**Assignment**
Every picture is to be removed, and all the data is to be copied exactly.

**Recorded data**
Start of Block
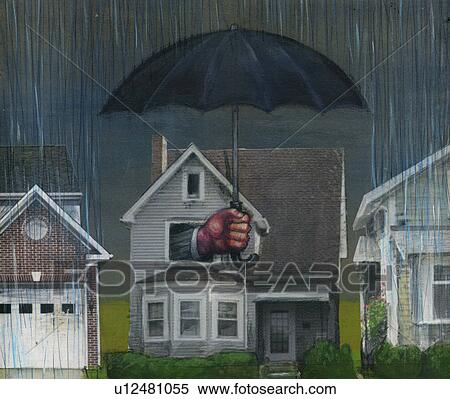 Stock Photography - House covered with an insurance umbrella. Fotosearch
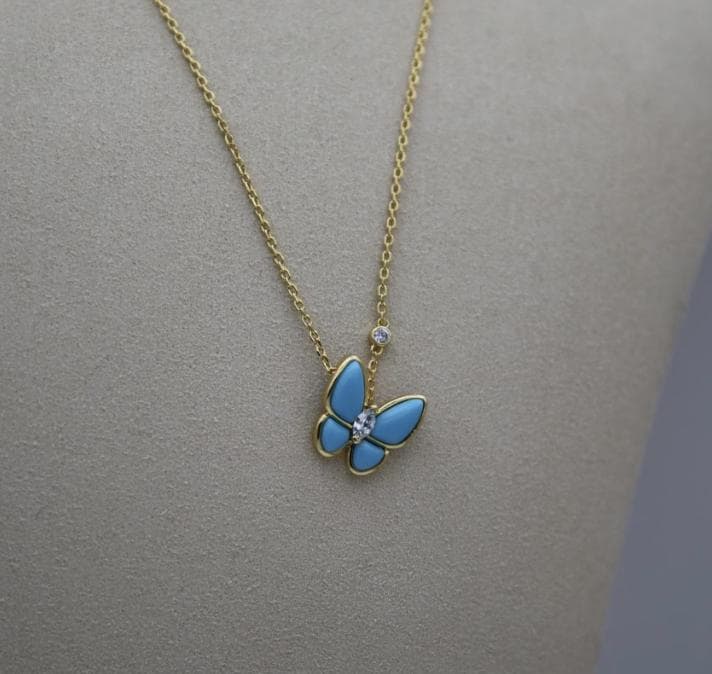 18k Gold, turquoise butterfly necklac 925 Sterling cz (w8 vc stamp) #Gift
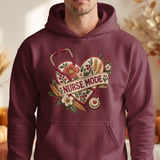 Nurse Mode Sweatshirt, Faux Embroidery Nurse Hoodie, Floral Stethoscope Tote Bag, Nursing Student Gift, Cottagecore Nurse Life Apparel thumbnail 16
End of Block
**Result of the task**
 Stock Photography - House covered with an insurance umbrella. Fotosearch
 18k Gold, turquoise butterfly necklac 925 Sterling cz (w8 vc stamp) #Gift
 Nurse Mode Sweatshirt, Faux Embroidery Nurse Hoodie, Floral Stethoscope Tote Bag, Nursing Student Gift, Cottagecore Nurse Life Apparel thumbnail 16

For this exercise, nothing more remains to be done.